Il y a donc une subtile interaction entre la façon dont les mouvements de femmes modèlent le Web et la façon dont le Net influence les organisations militantes des femmes.

Ainsi, il faut qu’Internet ressemble aux femmes et que les femmes s’adaptent à ce nouveau médium : tel est l’adage. L’enjeu est de taille puisqu’il s’agit de » faire évoluer une technologie capables de transformer la société en profondeur », déclare Mme Sherry Turkle, professeur de sociologie des sciences au MIT. Selon elle, la cyberculture est encore dominée par des hommes : « les hommes ont imposé un style dur, abstrait. L’approche « douce » était tenue pour inférieure. Donc, les femmes qui utilisaient leur compétences « douces butaient sur un véritable tabou culturel ». La situation change aujourd’hui puisque les femmes recourent de plus en plus au Web. Les hommes n’ont qu’à bien se tenir.

Diffuser quoi?

Vos communiqués, articles, lettres ouvertes, annonces sur vos activités, appels à l’action, mémoires… Voyons ça d’un peu plus près.

Ta bouche, fondamentale contre le fondamentalisme Des pétitions à signer en ligne et des appels à faire parvenir des lettres par la poste ou à contacter les député-es complètent très bien des campagnes d’action « papier ».

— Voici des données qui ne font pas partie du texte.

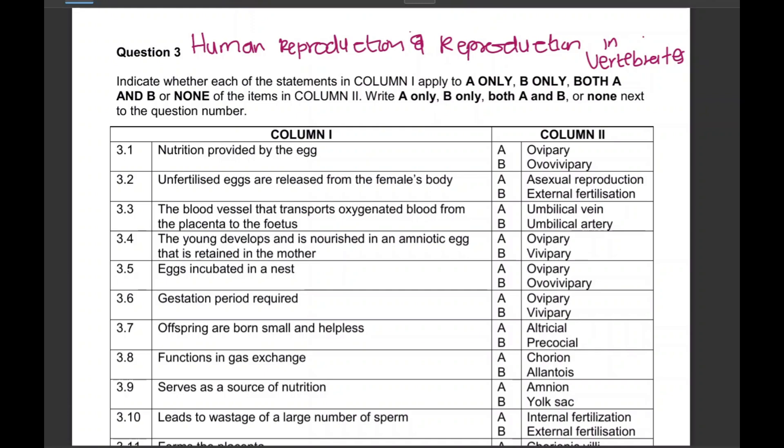Hello everyone, my name is Assisi Pombingeleli and welcome to my YouTube channel. In today's video, we are answering column one/column two questions based on human reproduction and reproduction in vertebrates — in preparation for your test or exam, these questions are going to help you check your understanding.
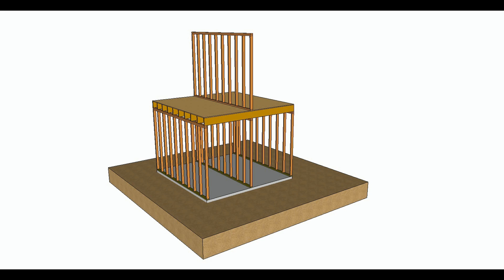This is part two in our series of six videos that are going to explain six different methods used by home builders to support walls through some type of a floor system.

Votre bulletin de liaison peut être diffusé par courriel aux personnes intéressées à être tenues au courant sur ce que vous faites, de même que vos mémoires, recherches, analyses film porno, kits pour agir… Vous pourriez aussi faire des économies en offrant à vos membres la possibilité de vous soutenir en se contentant de recevoir vos documents dans un format électronique plutôt que papier. Vous pourriez aussi mettre en ligne une sélection d’articles en les copiant-collant dans des sites à publication ouverte.

Les médias « traditionnels » reçoivent vos communiqués qui pourraient aussi fort bien circuler dans Internet.

Vous faites parvenir des lettres ouvertes à la presse papier. C’est bien, mais elles ne sont pas toujours publiées. Quand c’est le cas, elles sont parfois coupées. Dans tous les cas, pourquoi ne pas les publier aussi dans des cybermédias et les diffuser dans des listes de discussion?

Des sites Web offrent la possibilité d’annoncer gratuitement les événements que vous organisez. Pourquoi ne pas profiter de ces agendas quand vous souhaitez rejoindre plus de femmes?

Vous recevez les annonces et communiqués de groupes de femmes de votre région. Chanceuse! Il y a 17 régions au Québec. En se basant sur les informations qui circulent dans l’Internet québécois, on pourrait presque conclure qu’il n’y en a à peu près qu’une et toujours la même. Pourquoi ne pas les rediffuser dans une liste de dicussion? Vous pourriez aussi en lancer une pour votre région.

Selon vous, si telle initiative locale était mieux connue, elle en inspirerait d’autres. Avec Internet, il n’en tient qu’à vous qu’elle le soit. Si vous ne le faites pas, qui le fera?

Vous vous intéressez particulièrement à un domaine porno e d’activités et vous trouvez de temps en temps des contenus intéressants sur Internet. Pourquoi ne pas partager ces informations dans une liste de discussion?